15.Before we proceed further, let us consider the legislative history of the Chennai City Tenants' Protection Act, 1921.
(i)The Madras City Tenants' Protection Act [Act 3 of 1922] was enacted to give protection to the tenants who live in municipal towns and townships and adjoining areas in the State of Tamil Nadu and who have constructed buildings on the lands belonging to others. The original Act protected tenancies which existed as on the date of the enactment. Since the tenancies created subsequently were not protected, Madras City Tenants' Protection Act, was amended by Act 19 of 1955. By virtue of the amending Act, the provisions of the Act were extended to places beyond Chennai city and specified areas within 5 miles of City of Madras.
(ii)By virtue of Act 13 of 1960, definition "tenant", as contained in the principal Act, was amended whereby and whereunder heirs of tenant alone were entitled for protection and assignees and persons deriving title from the tenant were not given the benefits;
(iii)Subsequent to the decision of the Supreme Court in Haridoss Giridhardoss vs. Varadharaja Pillai, 1971 (2) SCC 601, Tamil Nadu Act 4/1972 was passed whereby, Section 12 of the Original Act was amended with retrospective effect and thereby, contracts made by the tenants with the landlord containing stipulation regarding erection of buildings after the date of contract and limiting their rights conferred by the statute were rendered nugatory.
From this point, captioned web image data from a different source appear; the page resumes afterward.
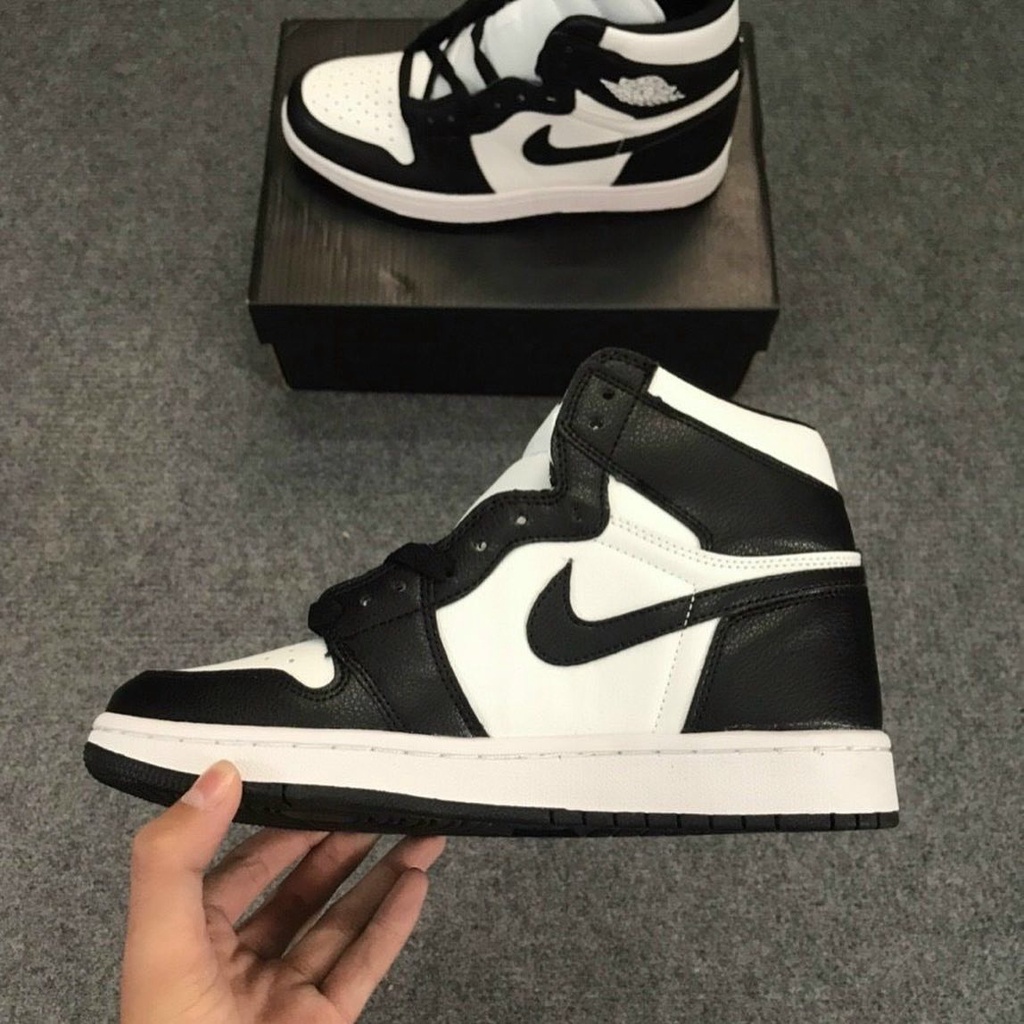 GIày Jordan Cổ Cao Đen Trắng JD1 Giày Thể Thao Nam Nữ Cổ Cao Air Jordan Panda G04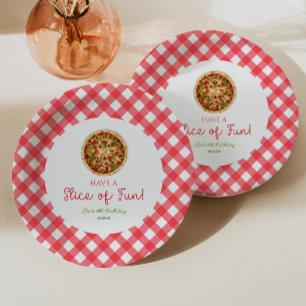 Have A Slice of Fun! Pizza Birthday Party Paper Plate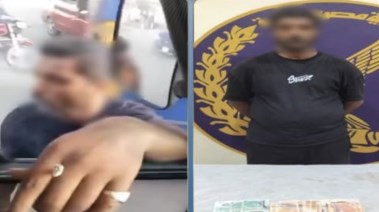المتهم وجانب من الواقعة 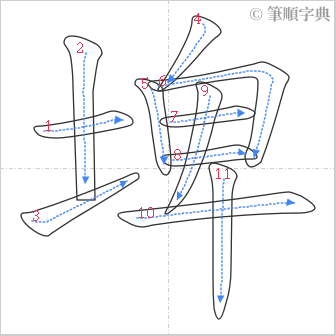 “「埤」的筆順”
(iv)Thereafter, Act 24/1973 was passed. The definition of tenant underwent a sea change. The definition was enlarged and Section 2(4)(ii)(b) was added.
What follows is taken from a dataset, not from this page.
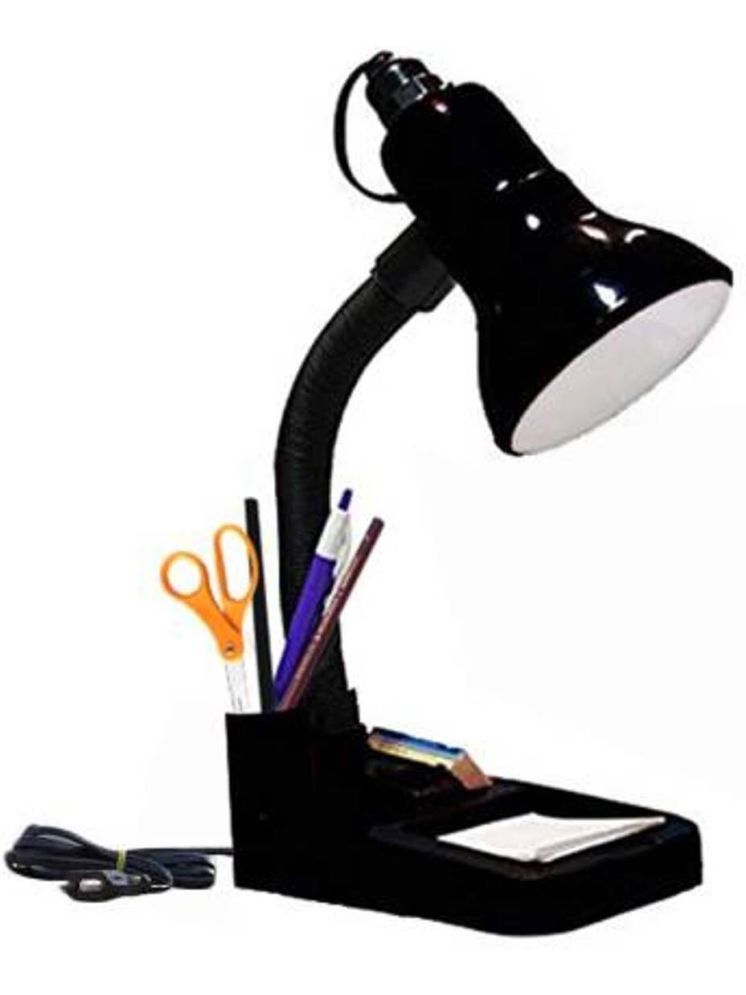     			SPARKWORLD Black Study Table Lamp ( Pack Of 1 )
(v)Subsequently, another Amendment Act came into force with effect from 31.03.1980. Amendment Act 2/1980 dated 27.02.1980 protected the tenancy created before 03.03.1980 and the benefits were given to such tenants also.
(vi)By virtue of Act 2/1996 dated 11.01.1996, tenants under the religious institutions and religious charities were denied the benefits of the Act.
16.(a) Section 2(4) defines "tenant" thus :-
"2(4) "Tenant" in relation to any land :-
(i)means a person liable to pay rent in respect of such land, under a tenancy agreement express or implied, and
(ii)includes -
(a) any such person as is referred to in sub-clause (i) who continues in possession of the land after the determination of the tenancy agreement,
(b)any person who was a tenant in respect of such land under a tenancy agreement to which this Act is applicable under sub-section (3) of Section 1 and who or any of his predecessors in interest had erected any building on such land and who continues in actual physical possession of such land and building, notwithstanding that"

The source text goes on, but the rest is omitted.